▶ _What is being asked_
From the line containing "Secret room jacuzzi" down to the final line of the entries below, quote every line verbatim. Exclude pictures.

═════ Source information ═════

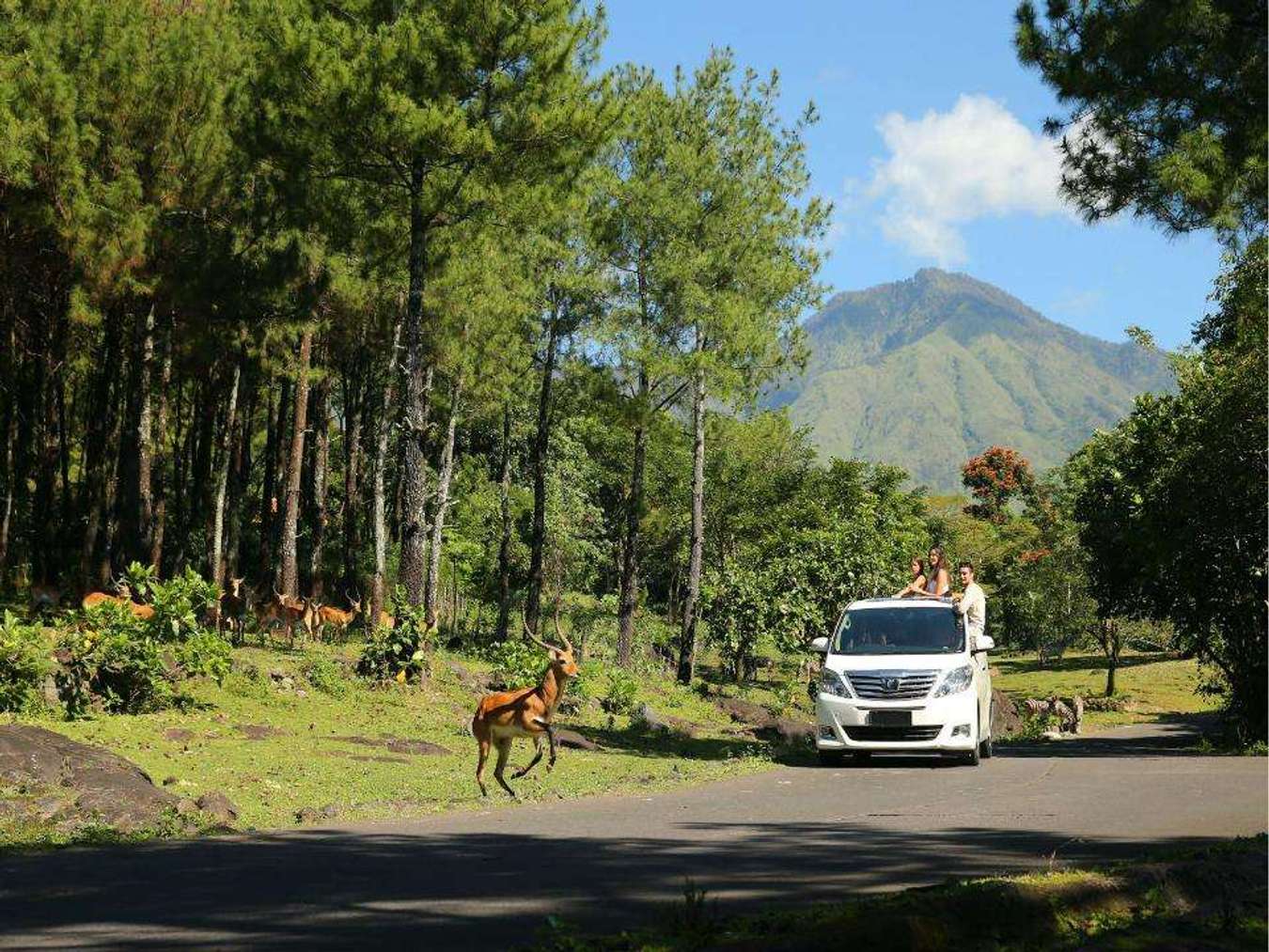 bisakah ke taman safari prigen naik motor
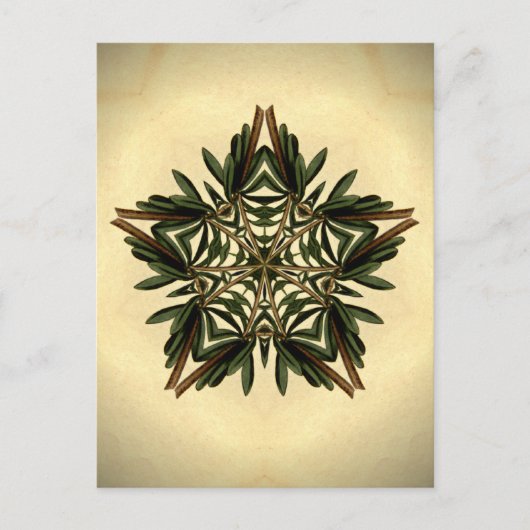 Weihnachten Star Postkarte (Vorderseite)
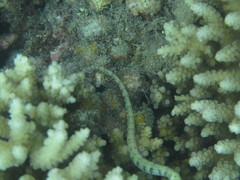 Corythoichthys intestinalis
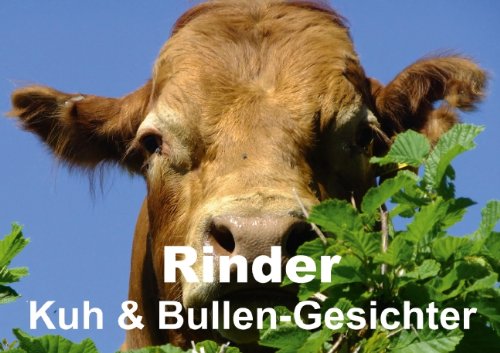 Rinder • Kuh & Bullen-Gesichter (Posterbuch DIN A4 quer): Rinder sind schöne, intelligente und soziale Tiere (Posterbuch, 14 Seiten) (CALVENDO Tiere) Stanzer, Elisabeth Posters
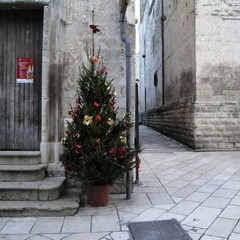 Eventi Natale 2010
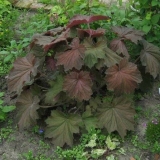 Heuchera iz sjemena: uzgoj kod kuće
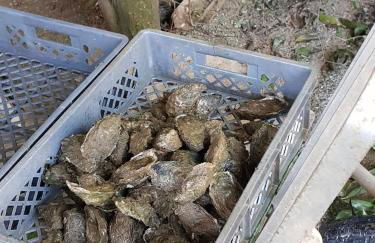 Apartment Sunshine - Golfplayer and Holidays - Foto 23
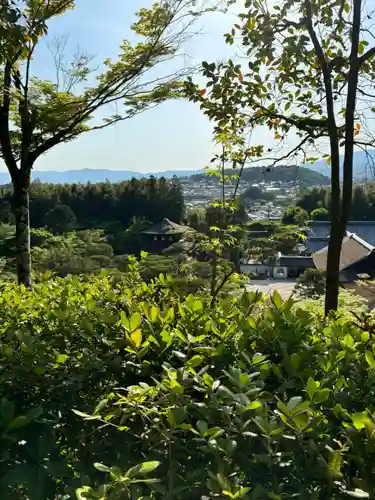 慈照寺（慈照禅寺・銀閣寺）(京都府)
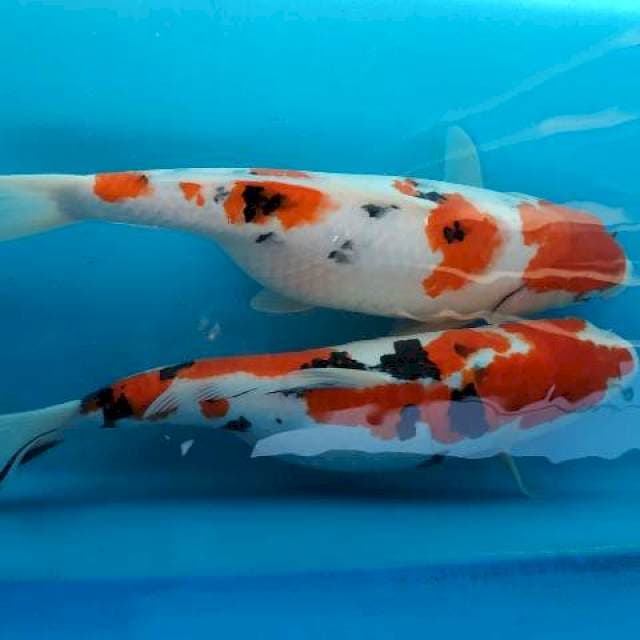 Sanke 37 cm 2 ekor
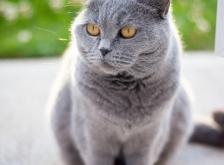 赤峰萌寵貓咖啡店電話號碼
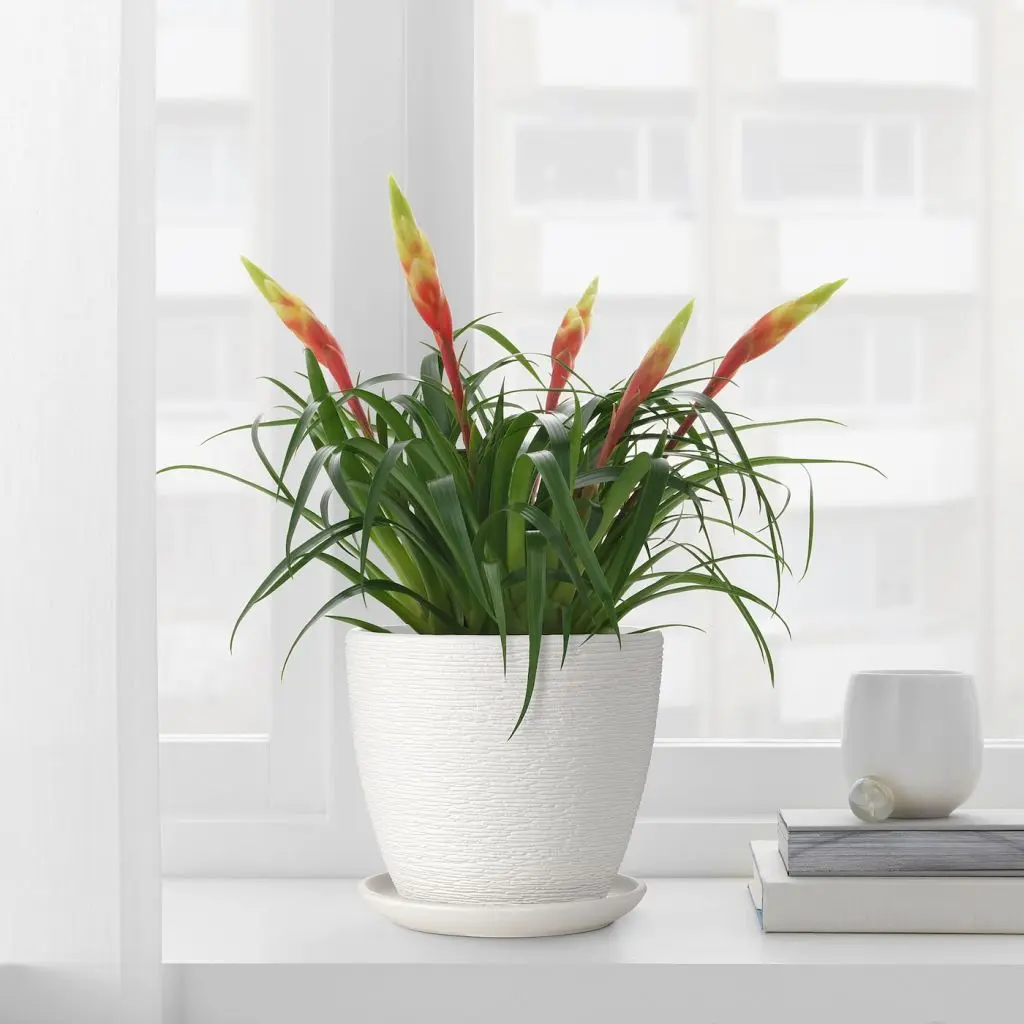 СКАКИГ — изображение 3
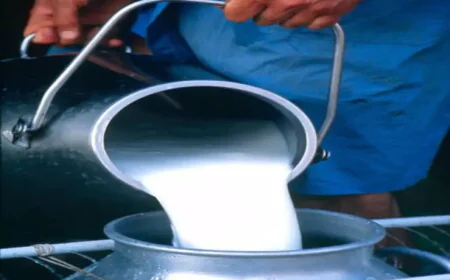 9590 लीटर दूध घोटाला: भरतपुर दूध उत्पादक सहकारी लिमिटेड के एमडी डॉ. राजेश नारायण जाट पर गंभीर आरोप, जांच में साबित हुई अनियमितता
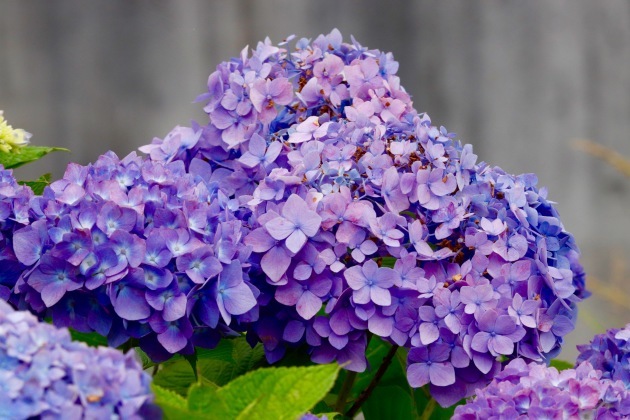 a0248459_14513115.jpg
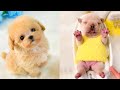 Baby Dogs - Cute and Funny Dog Videos Compilation #52 | Aww Animals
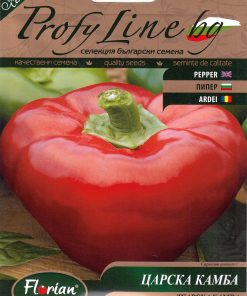 Сортови семена за Царска камба – Кралицата на есенната зимнина!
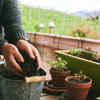 Article image for: Prepare soil mix in advance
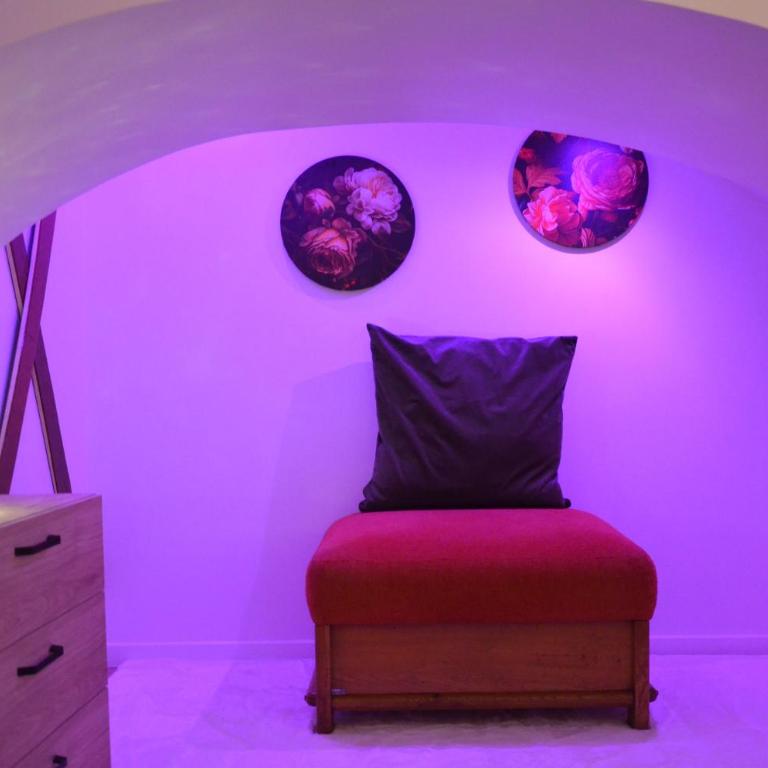 Secret room jacuzzi vieille ville Annecy - Appartement 1 Chambre - 19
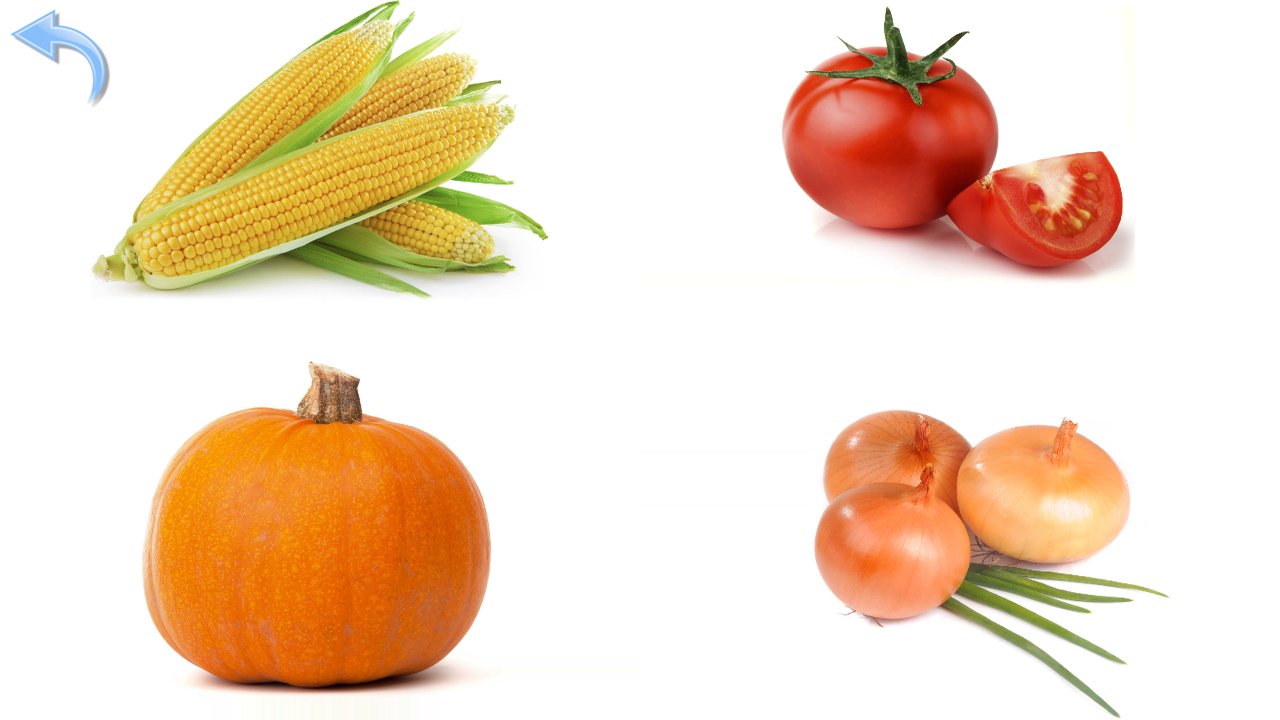Mais, Kürbis, Tomate und Zwiebeln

═════

▶ _Output of the task_
 Secret room jacuzzi vieille ville Annecy - Appartement 1 Chambre - 19
Mais, Kürbis, Tomate und Zwiebeln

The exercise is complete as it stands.